Most important, though, is Kalas' palpable enthusiasm for his work, as when he lists his favorite moments on the job (his pre-game interview with Hank Aaron; his post-game interview with Wade Boggs after his 3,000th hit; that momentous ALCS Game Seven in 2008), or his favorite Ray interviewee, Jonny Gomes: "In the history of the team, the best guy on camera, just because he was so off-the-wall." He's also not afraid to express his concerns about attendance and the future of the Trop.

He describes the crowds currently attending games as "nice," but not what should be expected for an American League Championship team, and that at some point the team will end up playing closer to the bridges or maybe even in Tampa to get closer to the center of the population base. While he says the ideal site does not necessarily have to be in Hillsborough County, it is clear he feels that a new ballpark needs to be more accessible to its residents. Kalas loves Tropicana Field and thinks the facility is very underrated, but says it's not in the right location.

"On one side to the east, you have water.

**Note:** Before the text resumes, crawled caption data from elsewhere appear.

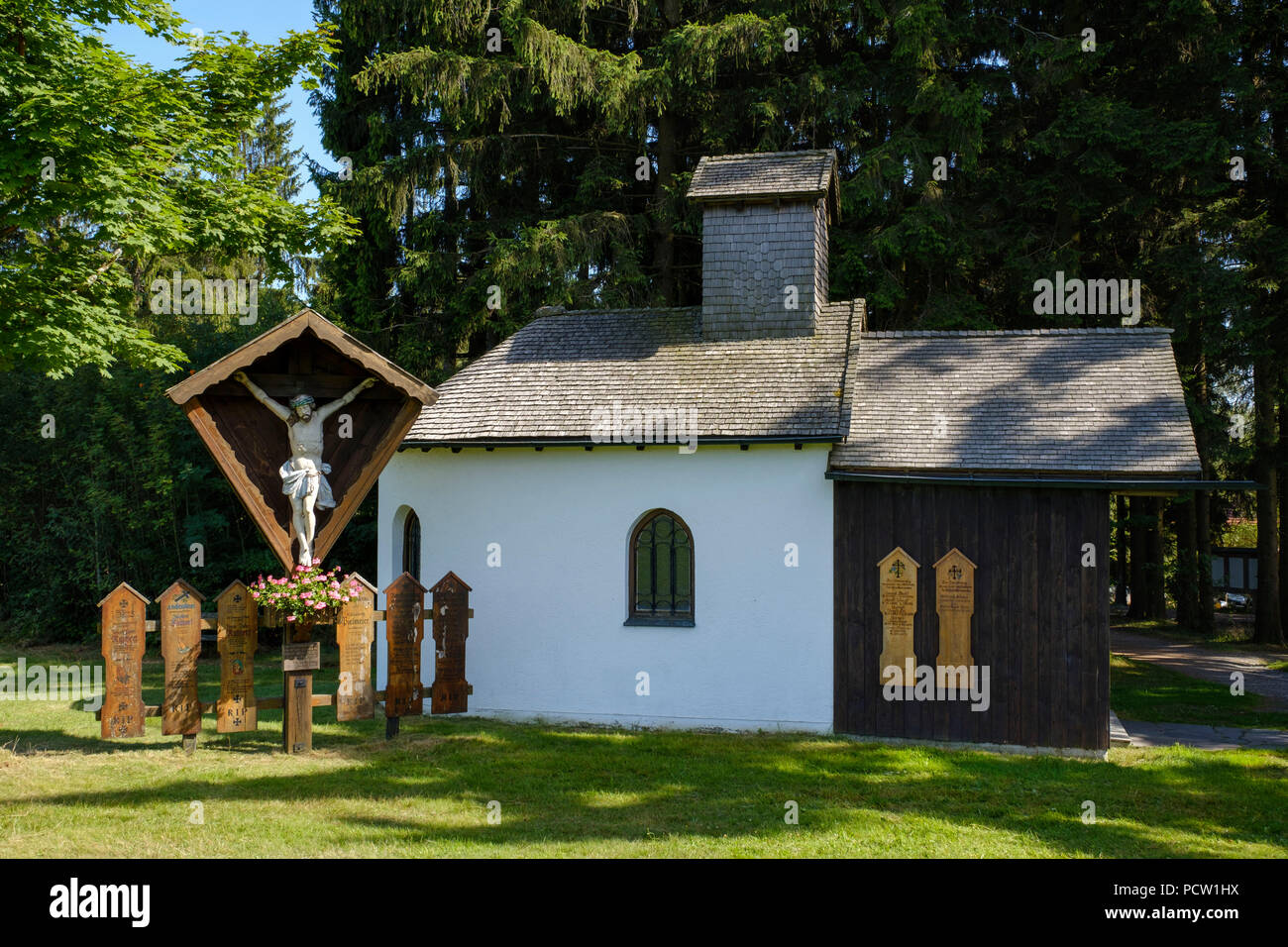 Lady chapel and memorial boards, Maibrunn near Sankt Englmar, Bavarian Forest, Lower Bavaria, Bavaria, Germany Stock Photo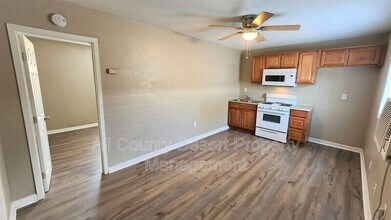 Building Photo - 83574 Tourmaline Ave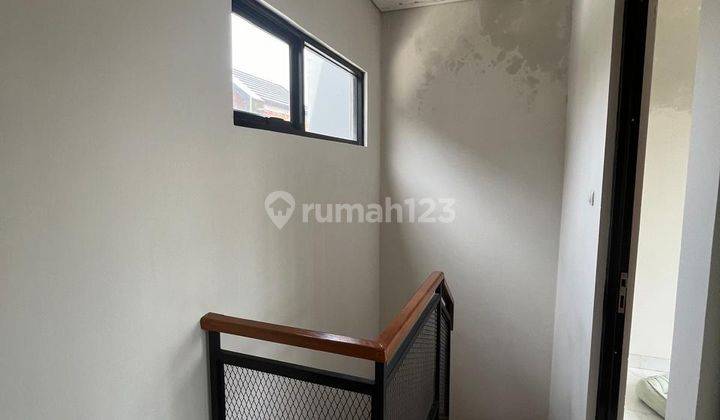 Hot . Rumah modern Remboelan Residence, Buaran Tangsel 2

To the south you have water. To the north you have Pinellas County, but then you have a lot more people across the other side of the bridge, in Hillsborough... You may lose a few people from Sarasota-Bradenton [if the site changes], but I think the positives by far outweigh the negatives."

Whether or not the Rays move, a question remains for Kalas. With his play-by-play aspirations, how long will it be before he gets snatched up by some other town?

To recap for any heads of broadcasting who may be interested in hiring a talented and professional play-by-play man to call Major League Baseball games, Todd Kalas is not interested.

OK, he never said that.

But his fans in Tampa Bay (including this one) hope he's not.